T minus 3 hrs until daddy gets home.
it's been one of those days - tough. hud & i both have some allergies ish. i think he might slug me if i try to blow his nose one more time - i can't say i blame him. & i can't stop feeling like i might sneeze. earlier he yelled for a good loooong while about nothing at all.
beyond the physical, what's really weighing heavy - a friend shared some really tough news & i'm hurting for her. life is messy & gray. & ruth is currently @ an emergency dr's appt right now, probably going into the hospital (@ 23 wks 1 day pregnant). huh.
what is helping me to keep breathing today? a blog i read last night that keeps resonating in my head - reminded me of what life is really about, the time i got to spend writing in my journal, starbucks, & god in the form of katie. last week my sweet, fun friend katie asked if she could come spend the night with us tonight, so clint & i could catch a dinner together. can you? YES! i knew this week would be busy, but i'm needing this break even more than i thought. we'll probably end up going down to see ruth & eric in the medical center, but even the drive down there - just the 2 of us - will be fun.

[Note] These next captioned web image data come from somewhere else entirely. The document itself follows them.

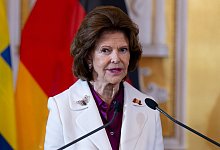 Bayerische Staatsmedaille f&uuml;r K&ouml;nigin Silvia von Schweden - Sven Hoppe/dpa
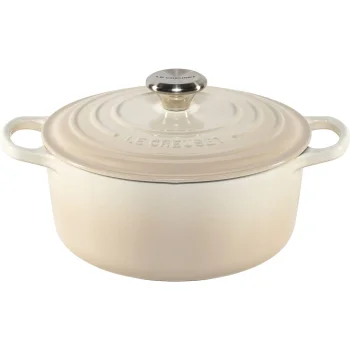Ketaus puodas Le Creuset Signature 24 cm, 4,2 l, Meringue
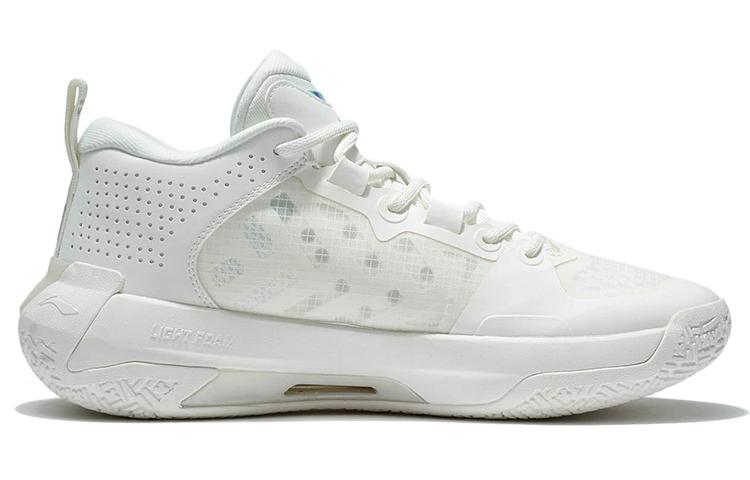 Li Ning Liren 2 Low Game Ready Abrasion Resistant Breathable Low Top Basketball Shoes Men's Mist White ABAS039-5
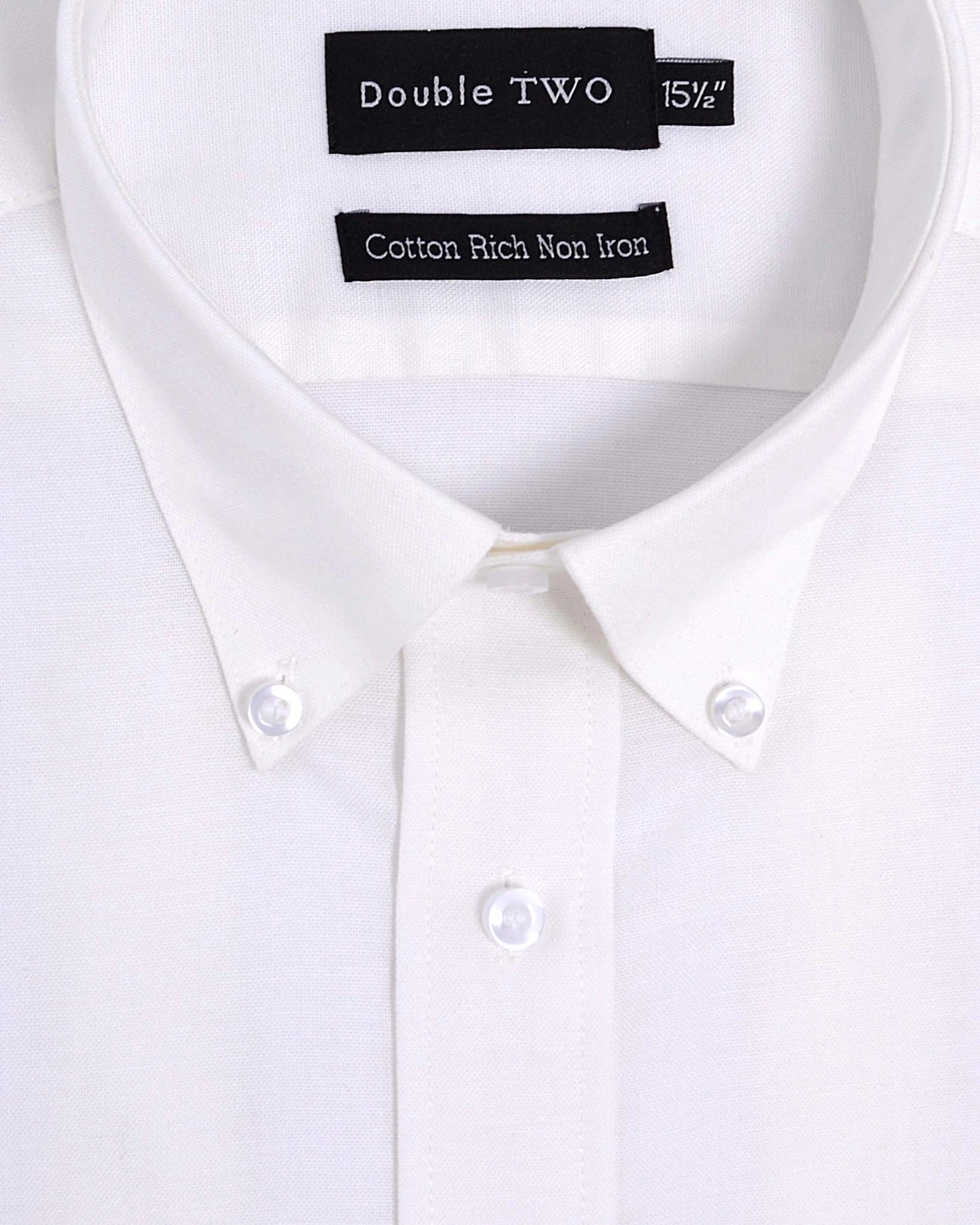 Tasker & Shaw | Luxury Menswear | CLASSIC FIT WHITE BUTTON DOWN SHIRT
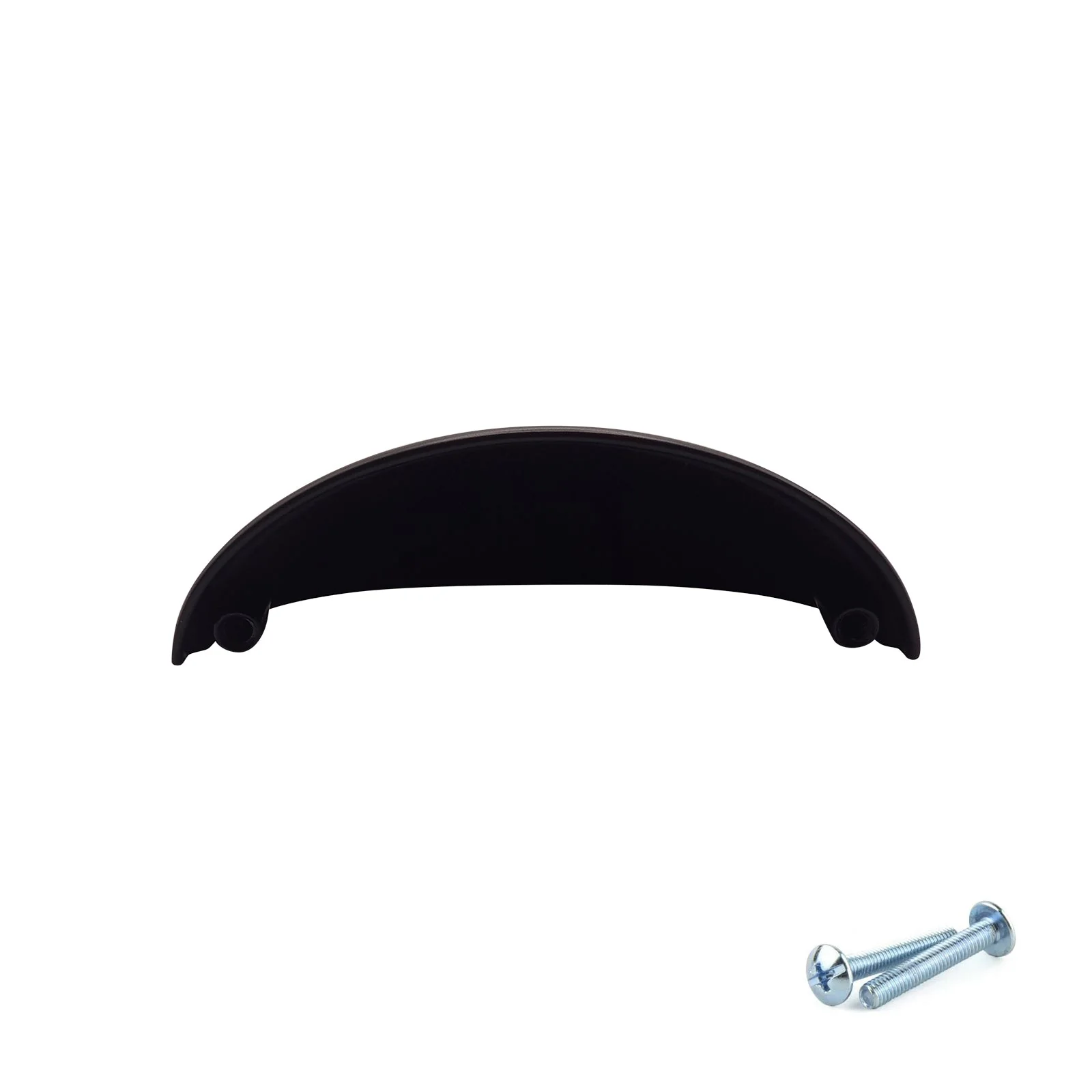 M4TEC Black Cup Handle – VG6 Series (96mm Drawer Cup Pull, 77mm Hole Centres) - Image 4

AND i'm so glad we can BOTH go - otherwise i know i would end up spending hours lost down there, anyway! katie - thank you, really. ooo - i think i have a pic of you & i from easter...

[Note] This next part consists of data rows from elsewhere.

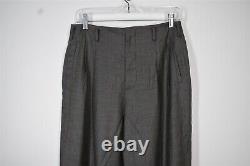 NEW $1098 Ralph Lauren Collection Womens 10 Gray Wool Straight Leg Workwear Pant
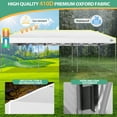 thumbnail image 6 of COBIZI 10x30 ft Pop Up Canopy Tent, 8 Removable Sidewalls, Waterproof 2000mm+ UPF 50+ Commercial Instant Gazebo, Easy Setup for Wedding Party Trade Show, Includes Roller Bag, Sandbags & Stakes, White, 6 of 8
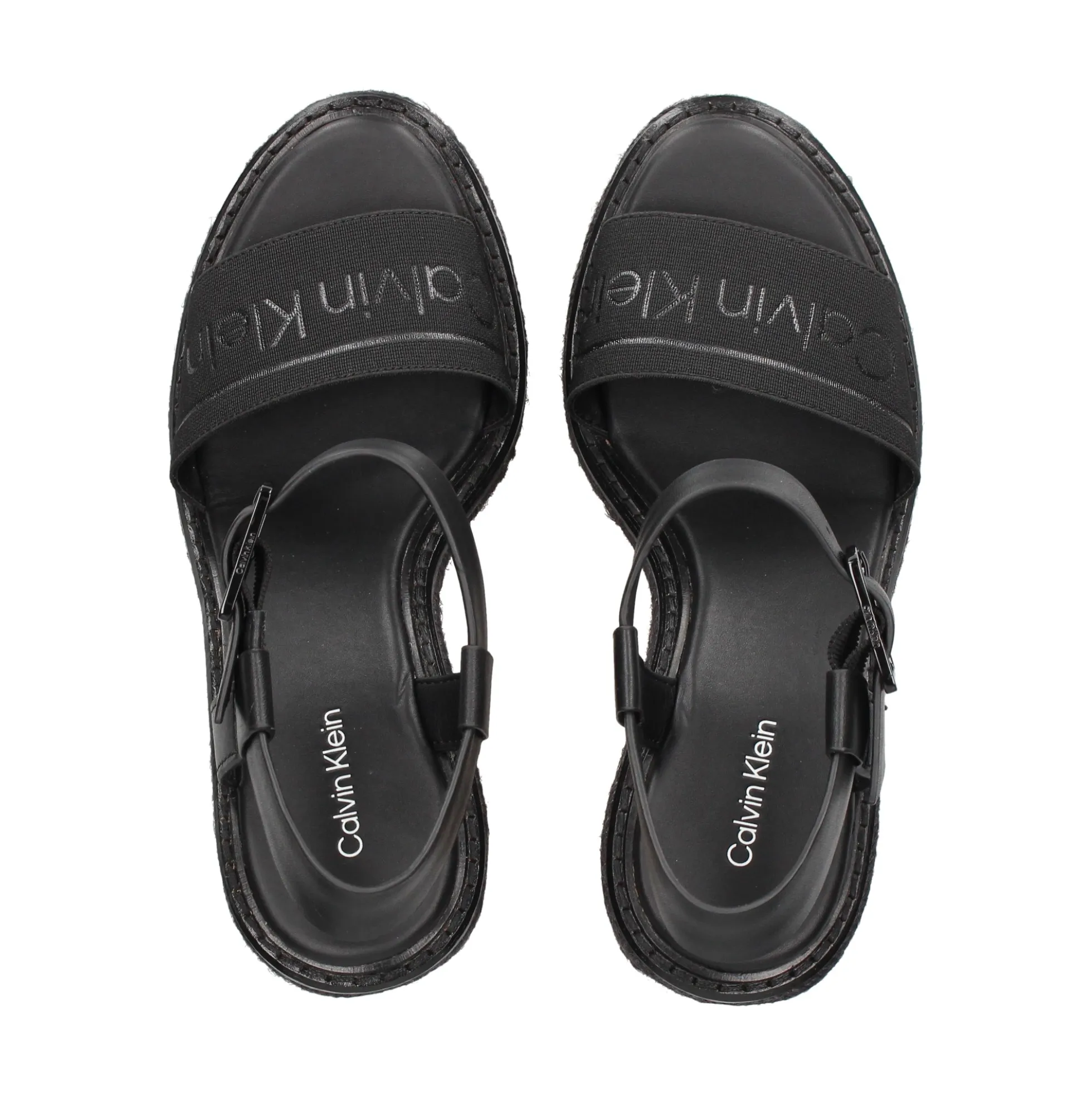 CALVIN KLEIN Sandalias cuña de Mujer HW0HW02050 BEH BLACK
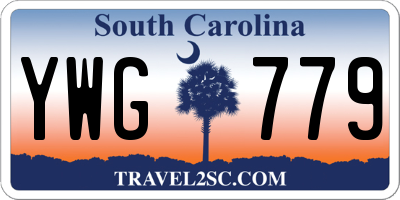 SC license plate YWG779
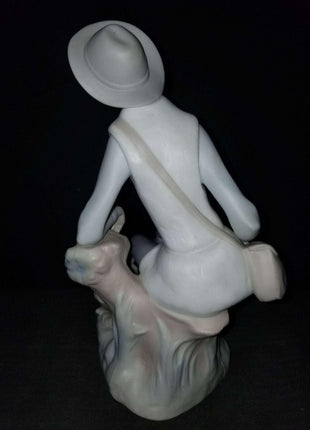 Retired Lladro Shepherd Boy With Dog Figure 4659 C.1969 Rare Early Impressed Mar - Estate Fresh Austin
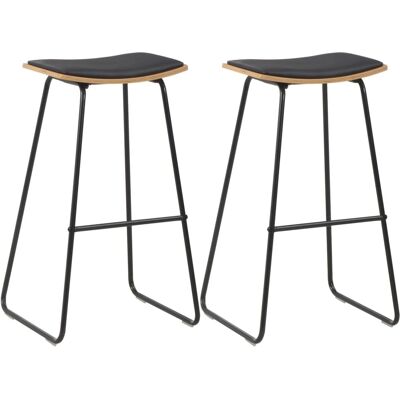 VIDAXL Schwarze Holzbarhocker - Barhocker VIDAXL Schwarze Holzbarhocker - Barhocker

PS - hudson is currently running his "track" - the circle that makes up our kitchen, living & dining rooms, & den. he likes to make the rounds, picking up random objects here & dropping them there. he likes "real" things - none of this toy crap (!). this is helpful, actually, as he's not yelling & is generally happy as long as i don't take any of those random objects from him.
darn - he just moved from the "track" to the hallway - that requires supervision. i must go!